» **Task prompt**: Write out every entry below exactly as it appears. Pictures do not belong in the copy.
____ Input data
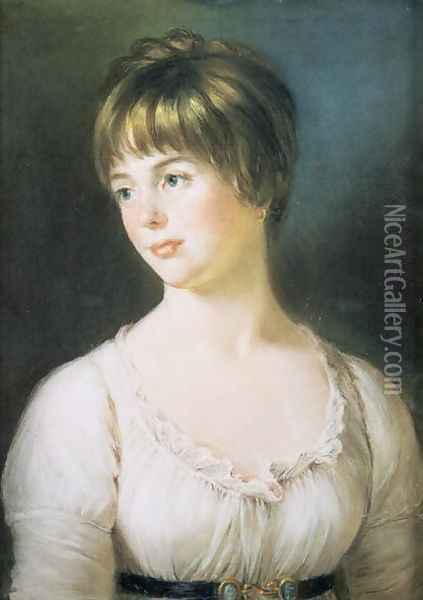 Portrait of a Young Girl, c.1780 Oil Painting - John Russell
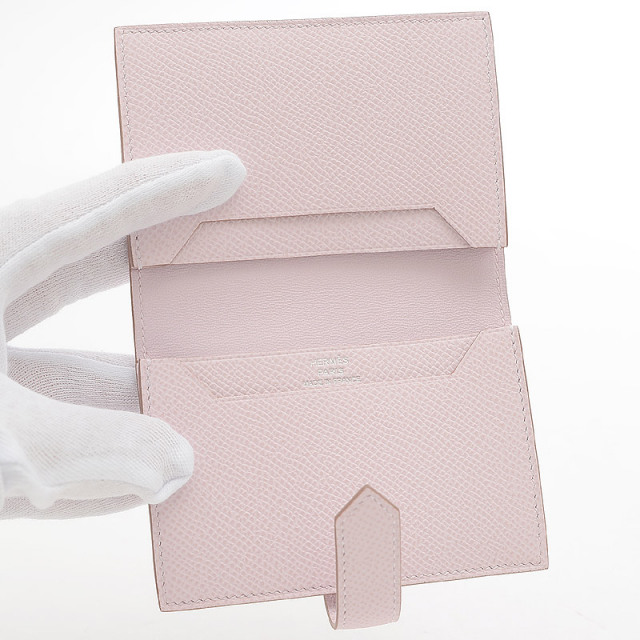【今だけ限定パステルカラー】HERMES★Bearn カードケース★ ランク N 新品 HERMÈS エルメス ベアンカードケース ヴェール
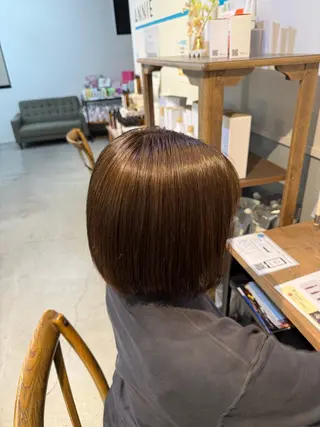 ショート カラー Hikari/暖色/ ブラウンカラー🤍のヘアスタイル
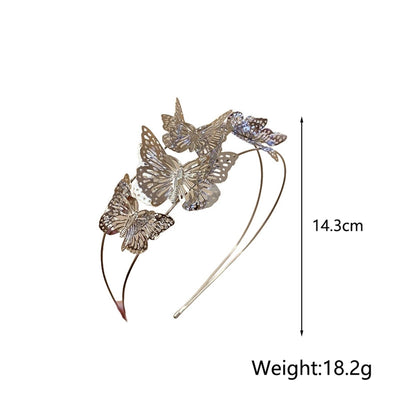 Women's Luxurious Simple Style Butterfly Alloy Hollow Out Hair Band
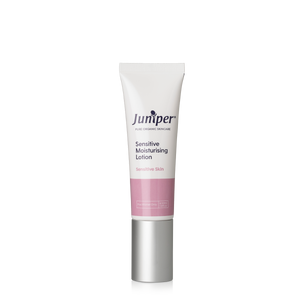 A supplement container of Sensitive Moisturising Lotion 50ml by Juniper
________
» **Finished task**:
 Portrait of a Young Girl, c.1780 Oil Painting - John Russell
【今だけ限定パステルカラー】HERMES★Bearn カードケース★ ランク N 新品 HERMÈS エルメス ベアンカードケース ヴェール
 ショート カラー Hikari/暖色/ ブラウンカラー🤍のヘアスタイル
 Women's Luxurious Simple Style Butterfly Alloy Hollow Out Hair Band
 A supplement container of Sensitive Moisturising Lotion 50ml by Juniper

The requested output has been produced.